Bluebird Bluebird by Attica Locke
I picked this novel up from @KatyBudgetBooks as it was recommended as Attica Locke is a Texan author, though living in California. 
"Attica Locke is the author of Pleasantville, which won the 2016 Harper Lee Prize for Legal Fiction and was long-listed for the Baileys Women's Prize for Fiction; Black Water Rising, which was nominated for an Edgar Award; and Cutting Season, a national bestseller and winner of the Ernest J.Gaines Award for Literary Excellence. Bluebird, Bluebird won the 2018 Edgar Award for Best Novel."
This was a gripping mystery and I enjoyed reading a novel set in Texas, "...an exhilarating thriller suffused with the unique music, color, and nuance of East Texas,... a powerful novel about the collision of race and justice in America."

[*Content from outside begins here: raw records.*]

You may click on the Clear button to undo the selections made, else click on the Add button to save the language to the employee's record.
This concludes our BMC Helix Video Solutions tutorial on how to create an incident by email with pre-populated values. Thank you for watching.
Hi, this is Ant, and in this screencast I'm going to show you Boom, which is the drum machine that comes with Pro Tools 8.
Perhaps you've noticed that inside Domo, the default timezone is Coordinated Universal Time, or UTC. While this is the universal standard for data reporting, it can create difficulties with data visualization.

review by Christina Francis-Gilbert
The Sanatorium by Sarah Pearse
This was a quick, fun, if a little creepy read. A great debut novel with a lot going on! Gripping from the opening chapters, the snowy brightness of the novel's Swiss location twists readers into its characters' stories. It's set in 2020 so a contemporary feeling with fantastic descriptions of the newly renovated modern 5* hotel that was once a sanatorium for TB patients. I love architecture in novels and these details fascinated me in the earlier part of the book.

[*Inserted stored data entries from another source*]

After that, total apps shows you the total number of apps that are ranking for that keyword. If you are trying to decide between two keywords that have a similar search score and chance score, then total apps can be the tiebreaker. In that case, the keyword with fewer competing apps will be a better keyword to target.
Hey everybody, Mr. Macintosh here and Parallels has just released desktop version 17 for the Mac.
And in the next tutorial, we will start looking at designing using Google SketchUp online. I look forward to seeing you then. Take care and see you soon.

It is just like Stephen King's  "...The Shining but with a full house." (People)
A great holiday read. My mother has bought Sarah Pearse's next novel The Retreat, which I'll get to after her later this year! If you love this sort of murder, mystery, horror, suspense and some engrossing visual European scenes, take a read of this one. It was on Reese's Book Club list a few years ago too. 
Review by Christina Francis-Gilbert
Home Front by Kristin Hannah
Never read Kristin Hannah before now. Enjoyed this one. It was a Moms' Book Club choice.

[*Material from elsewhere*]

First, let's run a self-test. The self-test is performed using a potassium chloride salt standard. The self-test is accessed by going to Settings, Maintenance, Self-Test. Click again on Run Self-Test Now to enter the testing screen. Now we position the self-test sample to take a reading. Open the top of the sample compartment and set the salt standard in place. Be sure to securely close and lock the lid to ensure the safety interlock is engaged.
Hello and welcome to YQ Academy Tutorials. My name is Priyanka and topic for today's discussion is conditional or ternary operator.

Straightforward narrative drive with interesting characters who all make sense and have emotional motives for their actions and reactions. An historical element so a lot learnt about military family challenges and an insight into the specifics required for such important jobs.
Christina Francis-Gilbert

The Underground Railroad by Colson Whitehead
Winner of Pulitzer Prize
Incredibly sad. A novel with messages and social comment that will stay with me forever.
Thank you Colson Whitehead for having the courage and skill to put this horrific history and all its repercussions into literature.
review by Christina Francis-Gilbert
The Man Who Mistook His Wife for a Hat by Oliver Sacks
This is a tricky text to review. First published in 1985 its wording and discussion of certain psychological afflictions might sound dated. I read this book straight after finishing 'Bedside Stories' by Michael Foxton and found many of the case studies and sensitive presentation of 'Dr Oliver Sacks's patients [who] are often conspicuous' to have interesting circumstances.
I hadn't really known what I would find in this book though I have had interest in reading it since an ex-colleague used it in her IB teaching years ago. 
At its time of publication it was reviewed as an 'instant classic' and thus this helps me conclude there is a lot to be analysed and debated in its content. I believe it has also been recommended for junior doctors' reading (not sure if that's still the case?) for its pyschiatric insights.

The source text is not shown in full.